Nilüfer Kütüphaneleri’nin Tarih Vakfı iş birliğiyle düzenlediği Tarih Buluşmaları, Nâzım Hikmet Kültürevi’nde gerçekleşti. Müellif Mustafa Arslantunalı, Tanıl Bora, Esra Dicle ve Eser Köker katıldığı söyleşi “Geleceği tasarlamak, toplumu tasarlamak” başlığıyla gerçekleşti.
“Toplum mühendisliği ne manaya gelir?”, “ Türkiye’de ortaya atılan toplum tasarımları”, “Kadınların gelecek tasarımları” gibi bahislere ışık tutan konuklar, iştirakçilerin sorularını da yanıtladı.
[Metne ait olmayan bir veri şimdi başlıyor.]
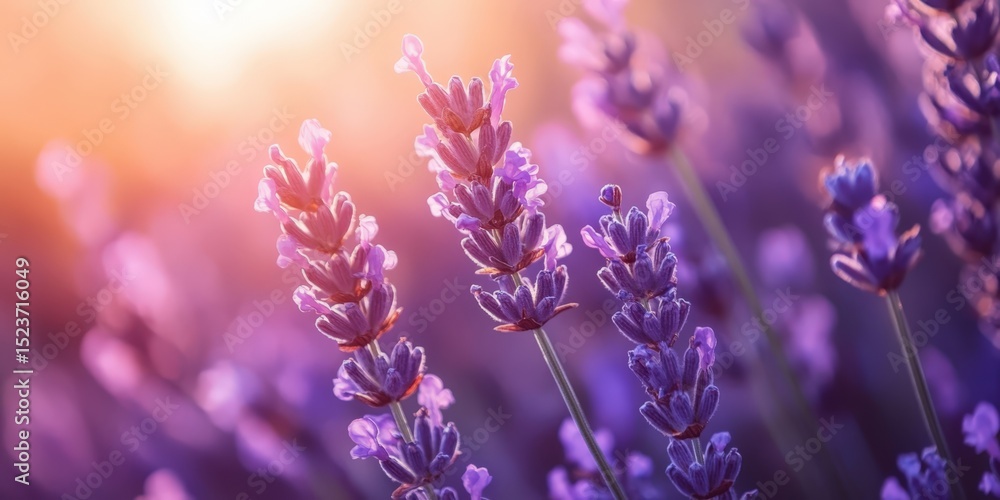 Naklejka premium Lavender Field at Sunset. Close Up of Purple Lavender Flowers in Summer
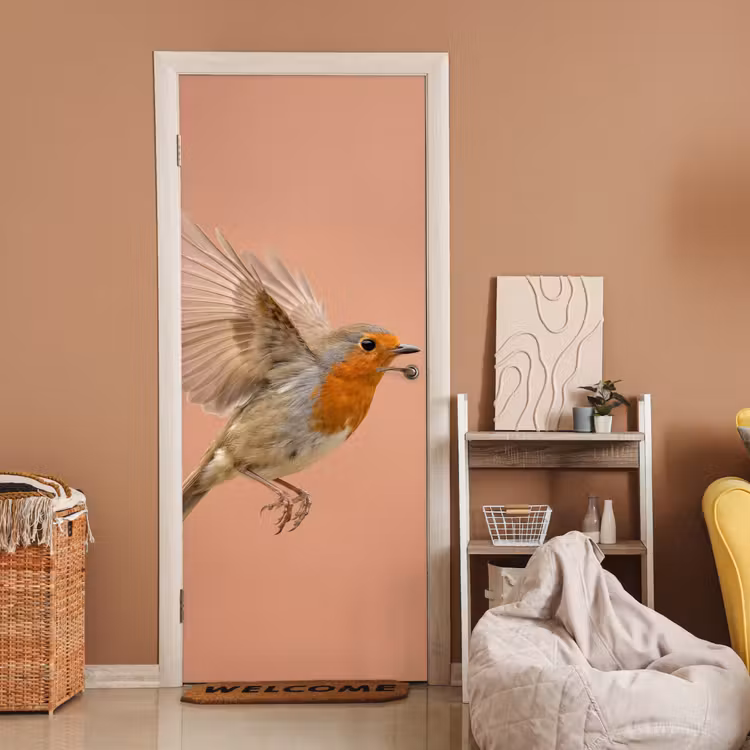 Roodborst - Natuur - Roze deurposter klein -sfeer1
Toplum mühendisliği üzerine tarihî geçmişten günümüze yansımalara değinen Tanıl Bora, tasarım ve toplumsal mühendislik ortasında kavramsal bağın olduğuna dikkat çekti. Bora, “Toplum mühendisliği kavramını eleştirel olarak kullanan iki büyük üniversal akım var. Bunlar liberalizm ve muhafazakarlıktır. Toplum mühendisliği bu iki büyük üniversal akımın kanına dokunur. Liberalizm toplumu kendi haline bırakıp kendi akarını bulmasını gereken görüşü takviyeler. İktisadi planlamayı tehlike olarak görür. Muhafazakarlıkta ise yaratılış doğallığına dokunulmamasını ister. Ülkemizde toplum mühendisliği kavramına bakarsak çok farklı bakış açısı var. Cumhuriyetin birinci yıllarında bu kavram olumlu karşılanmış. Periyodun tarihçilerinin çalışmalarında bunu net halde görebiliriz. Çağdaş toplum kurma projesinde Cumhuriyet toplum mühendisliğine olumlu bakmıştır. Günümüzde bu kavram farklı bakış açısına maruz kalmış” dedi.
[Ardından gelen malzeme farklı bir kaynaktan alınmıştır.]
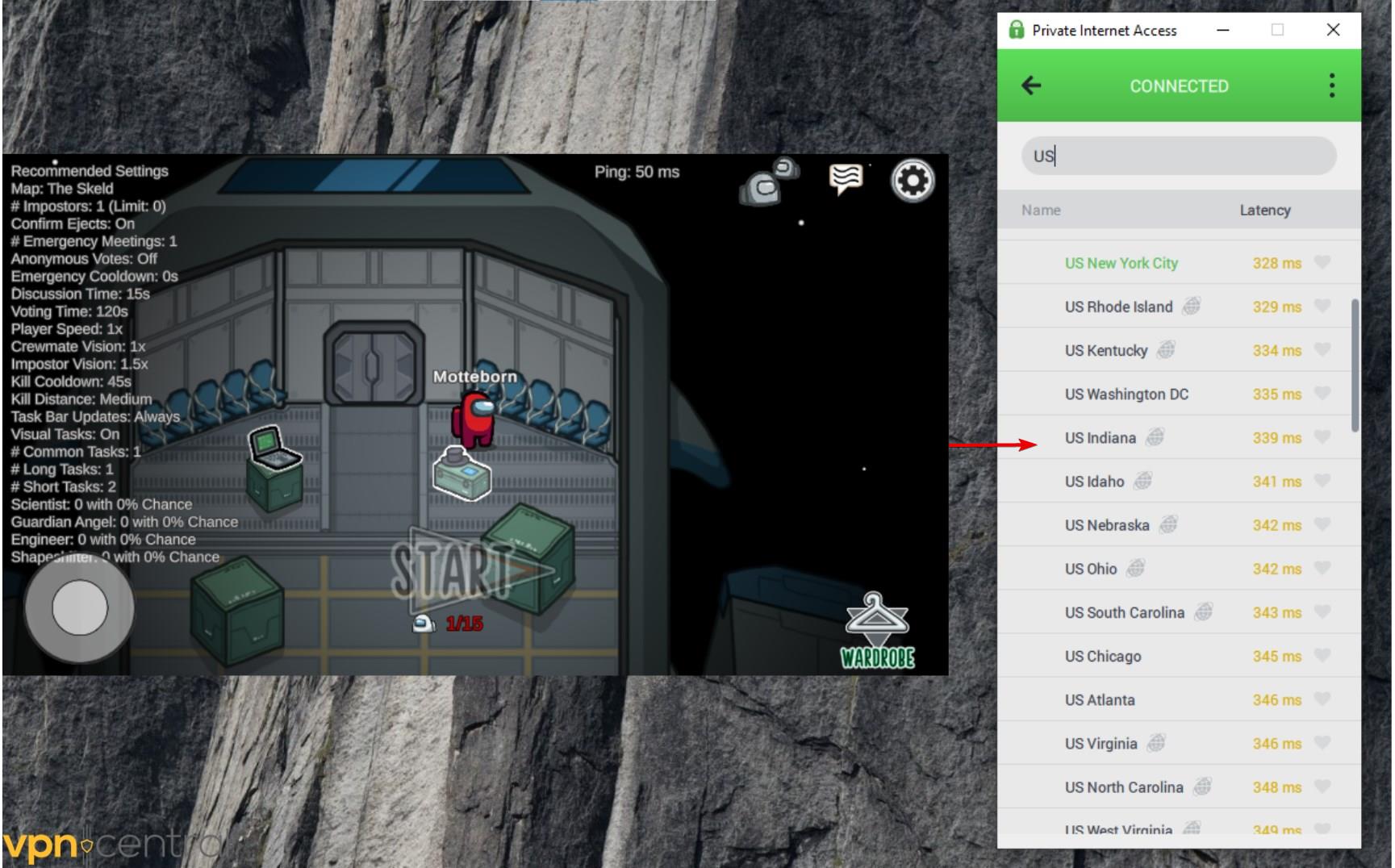 Choose from US Servers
Yazar Esra Dicle, tasarım konusuna ait genel çerçeve çizdi. İdare anlayışının dizaynlarda son derece tesirli rol oynadığını söz eden Dicle, “Cumhuriyet devrinde Türk tarihinin geçmişine derin bir bakış vardı. Geçmişi ve bugünü, geleceği tasarlarken de göz arkası edemezsiniz. Milliyetçilik ve medeniyetçilik geleneğini yani Türk kimliğinin niteliklerini özdeş haline getirmek gerekiyor. Hasebiyle çağdaşlaşırken kendi özüne de bakmak daha gerçekçi bir yaklaşım olarak tanımlanabilir” diye konuştu.
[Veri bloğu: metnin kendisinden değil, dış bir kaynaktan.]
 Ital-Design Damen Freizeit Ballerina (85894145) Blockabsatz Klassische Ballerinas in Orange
Yazar Mustafa Arslantunalı da toplum mühendisliği kavramında teknolojinin kıymetli yeri olduğuna dikkat çekti. Toplum mühendisliği ve ütopya ortasında sonsuz bir fark olduğuna işaret eden Arslantunalı, “Tarih boyunca insan hayatında yenilik arayışı daima var olmuştur. Ütopyada temel sorun varılacak nokta değil, süreci, hayal etme gayretidir. Ütopya kuran insan değişimin ışığında yol almayı tercih eder. Dizaynlarda vakte nazaran değişmek zorunda. Her şeyi teknolojiden beklemek yanlışsız değil. Toplum mühendisliğine nazaran teknoloji her hususta ön plandadır. Tasarım yaparken geçmişe bakarak tarihî izlerden de faydalanmak ve göz önünde bulundurmak gerekir” halinde konuştu.
Feminist ve bayan ütopyaları üzerine dünyadan örnekler veren müellif Eser Köker de mücadeleci bakış açılarına ışık tuttu. 15. yüzyıldan itibaren feminist hareketin parlak çalışmalar yapmaya başladığını tabir eden Köker, “Kadınlar 15. yüzyıldan bu yana eşitlik ülküsüyle yaşarken konut ortamını merkez almıştır. Bu anlatılara toplum mühendisliğine kıymet verilen ortamda gereken takviye verilmemiştir. Bayanların yazdığı ütopya nizamında gerçek dışı ve gerçek ortasındaki ayrımlar net görülememiştir. Türkçeye çevrilmeyen birçok bayan ütopyası var. Bayan ütopyalarında dönemsel dizgeler var. 1970 yılından sonraki değişim bayan ütopyalarına da yansımıştır. Feminist hareketle bir arada bayan müellifler klasik ütopya anlatılarına daha fazla açıklık getirdi” diye konuştu.
Etkinlik sonunda Nilüfer Belediye Lider Yardımcısı Remzi Çınar, Lider Turgay Fazilet ismine konuklara teşekkür etti.